Шрифт:
Интервал:
Закладка:
В 1652 году боярин Никита Одоевский потерял сына, тогда казанского воеводу. Почти на глазах царя молодой Одоевский скончался от горячки. Царь написал старику отцу, чтобы его утешить, и между прочим писал: «И тебе бы, боярину нашему, через меру не скорбеть, а нельзя, чтобы не поскорбеть и не поплакать, и поплакать надобно, только в меру, чтобы Бога не гневить».
И закончил письмо словами: «Князь Никита Иванович! Не горюй, а уповай на Бога и на нас будь надежен».
Еще раз напомню — царю в этот год исполнилось всего 23 года.

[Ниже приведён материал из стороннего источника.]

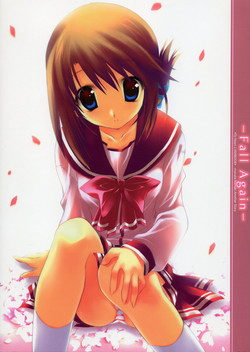 Download (CR37) [Arestica (Ariko Youichi)] - Fall Again - (ToHeart 2)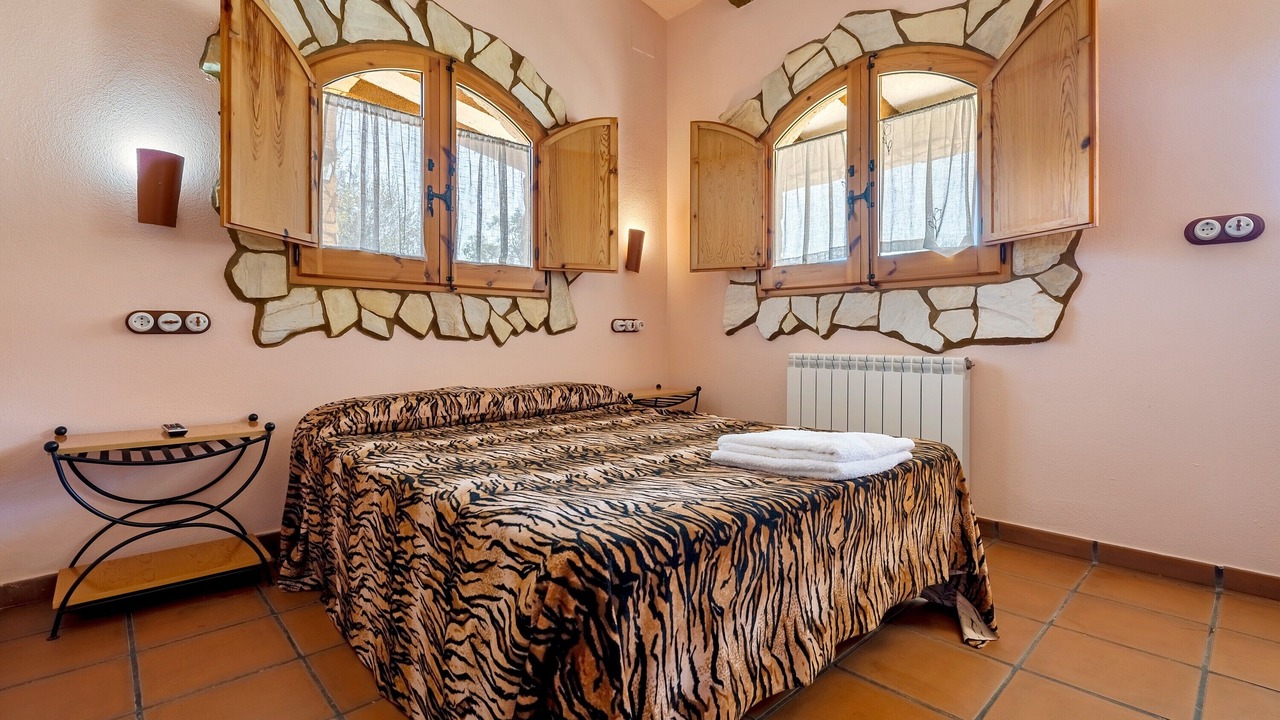 Photo of Bedroom in La Riera de Gaia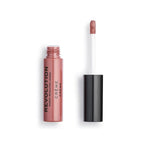 Makeup Revolution, Creme, Liquid Lipstick, 110, Chauffeur, 3 ml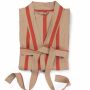 Field Robe - Camel/Red-thumb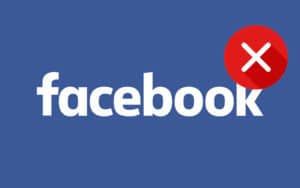 Como excluir conta do facebook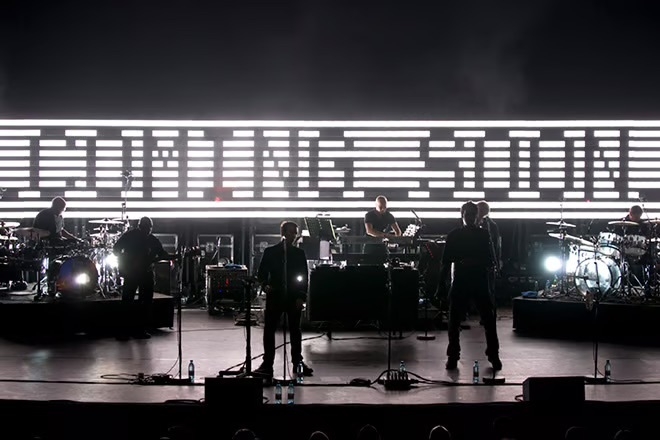 Massive Attack refute claims that they used surveillance tech at live shows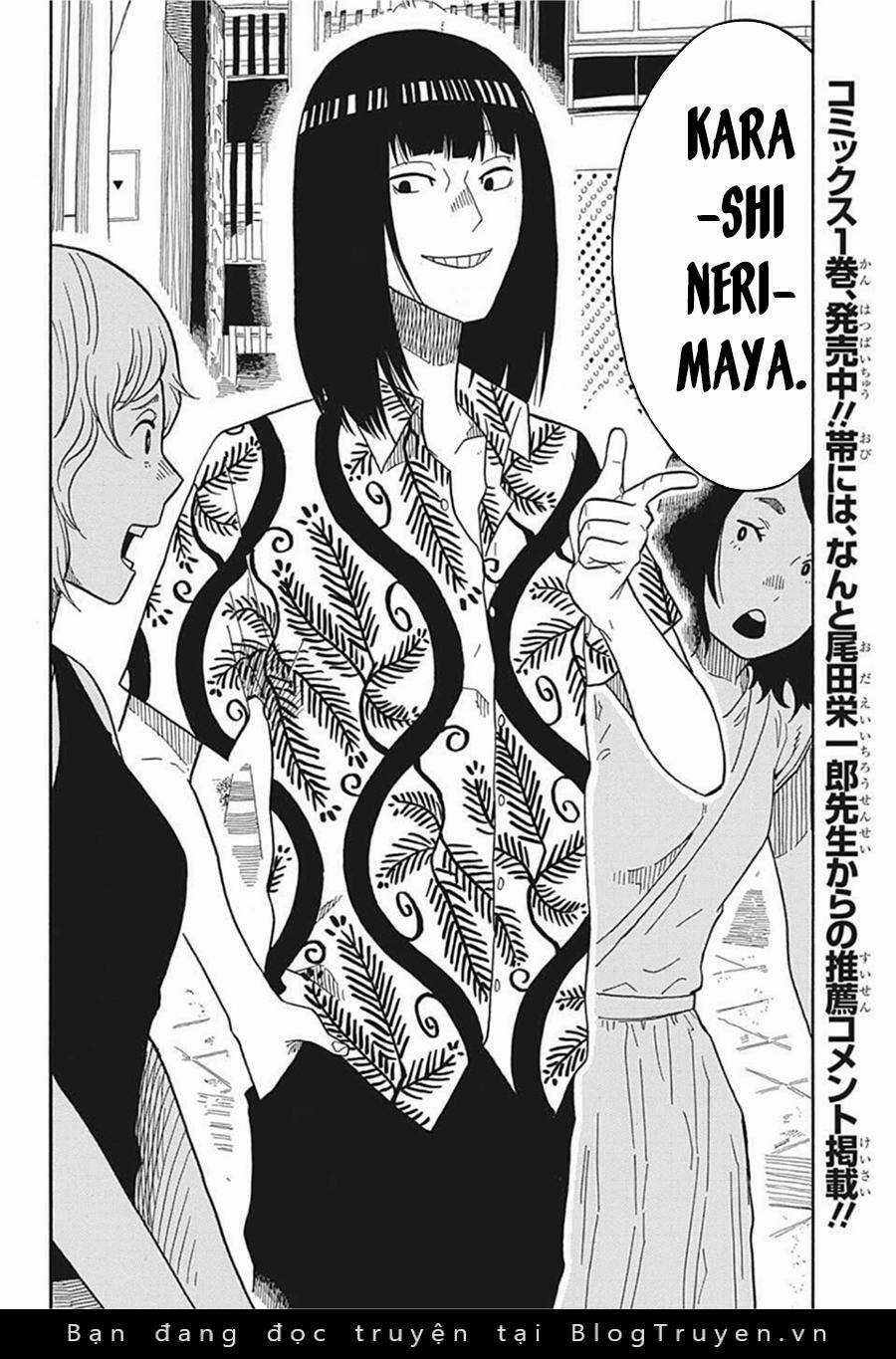 Akane-Banashi - Chapter 16 - Trang 8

Судя по всему, он вообще не любил, чтобы кому-то возле него было плохо, чтобы его подчиненные «смотрели невесело» и в чем-то нуждались. Человек энергичный, активный, он не просто «не любил» этого, а сразу начинал делать для человека то, что ему нужно. И не «осыпал милостями» без толку, а умел утешать и радовать: писал умные, прочувствованные письма, дарил красивые и умные подарки, помогал в личных делах. Он умел проявить то личное внимание к нуждам человека, которое ценится выше всего.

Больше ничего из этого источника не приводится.